Ballet Black – review – Linbury Studio theatre
The Guardian, Friday 1 March 2013 14.27 GMT
by Judith Mackrell
Ballet Black may struggle against an inexplicable lack of state funding, yet it continues to make a heroic investment in new choreography. This season its adventurous policies pay dividends with Javier de Frutos’s new piece, The One Played Twice.
Like much of De Frutos’s work, it starts from a disconcertingly eccentric choice of music: a playlist of rhythmically woozy Hawaiian songs performed barbershop style. But it takes only seconds to be convinced of its theatrical and choreographic logic. Four dancers, in vibrant green and purple tunics, inhabit a tropical world. Some of the movement takes its cues from the songs’ lyrics, which range from sly references to sexy hula dances to a plangent, full-bodied lament. But these narrative elements are sustained on a structure of sharply inventive dance that steers its own buoyant course through the surf twang of the music.

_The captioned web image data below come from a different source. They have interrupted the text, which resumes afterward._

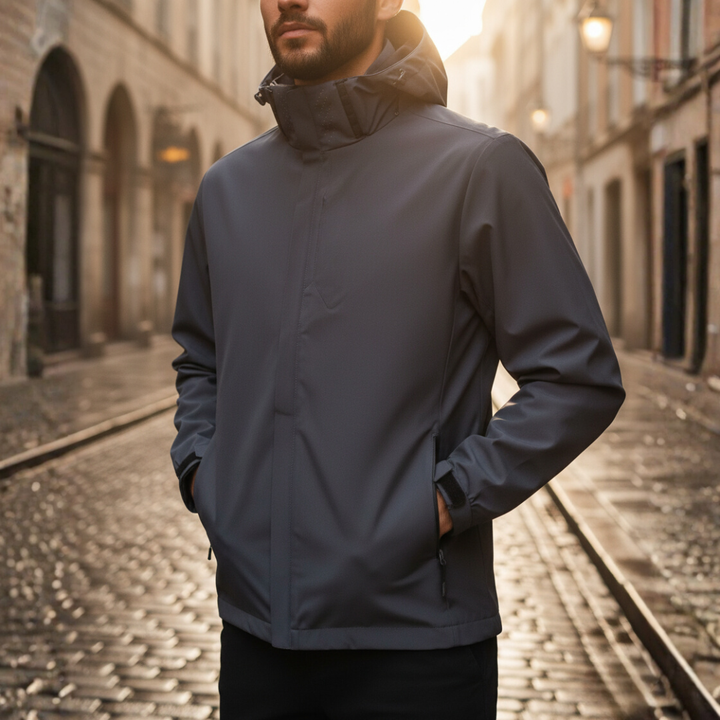 Herren Outdoorjacke Wasserabweisend Atmungsaktiv Polyester | Vestea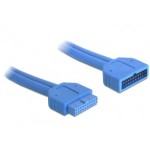 22524-DeLOCK 82943 cable USB 0,45 m USB 3.2 Gen 1 (3.1 Gen 1) Azul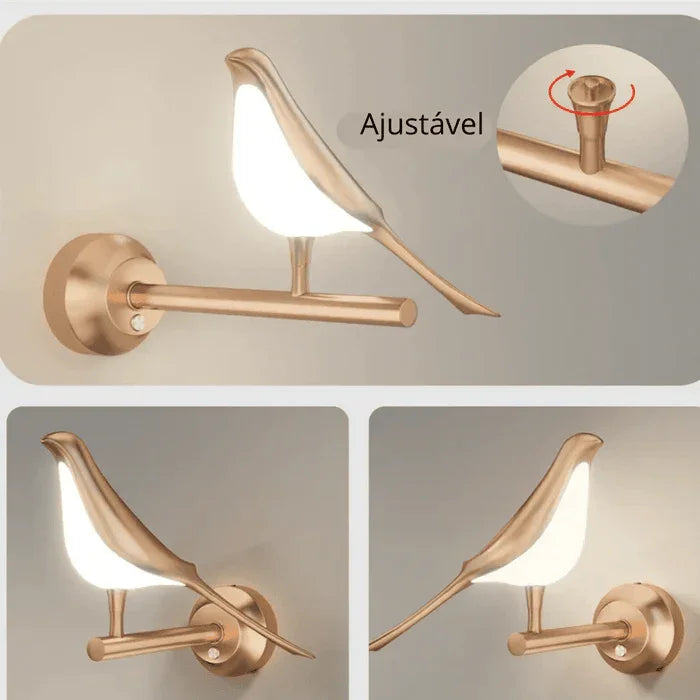 Luminária de Pássaro de LED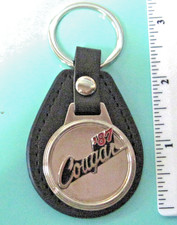 '87 1987 Mercury COUGAR script - keychain , key chain GIFT BOXED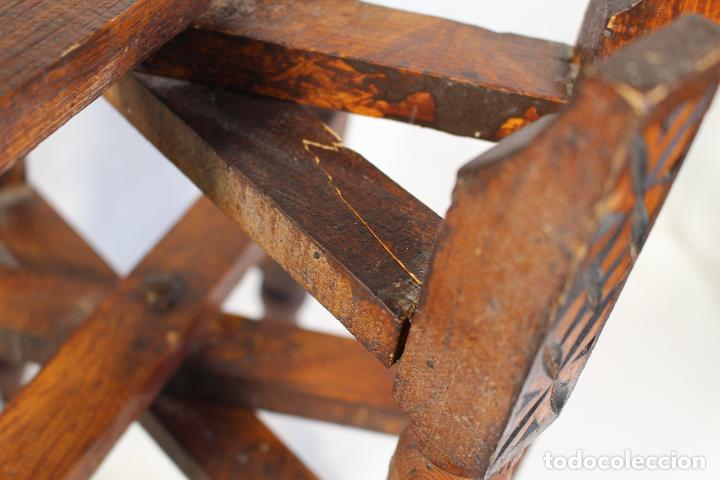 Antig&uuml;edades: mesa plegable de t&eacute; arabe - Foto 3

The dancers look as stretched and easy in De Frutos’s choreography as they do in Robert Binet’s duet Egal. Predicated on two equal dance partners (a rare concept within a ballet context), Egal takes Binet into a stylish, androgynous vocabulary of art deco geometries and silvered pirouettes, and an interesting conceit that the two dancers, though equal, are like magnetic forces, unable to connect within the same space.
Evoking a distinct dance world in one short work is hard, and the goofily unravelling classical steps in Ludovic Ondiviela’s Dopamine (You Make My Levels Go Silly) doesn’t quite deliver the blissed-out comic passion its title implies.
Christopher Marney, by contrast, gets 45 minutes for War Letters, evoking the transience and vulnerability of wartime romance. Elements of this work feel fresh and alive: the awkwardly drilled army recruits; the gaggle of half-hardened, half-hopeful sweethearts; the duet between a shell-shocked soldier and his girlfriend, which showcases the natural acting talent of Cira Robinson. But there is too much irrelevant choreographic decoration, and War Letters ends up feeling less like a story than a showcase for Marney’s best moves.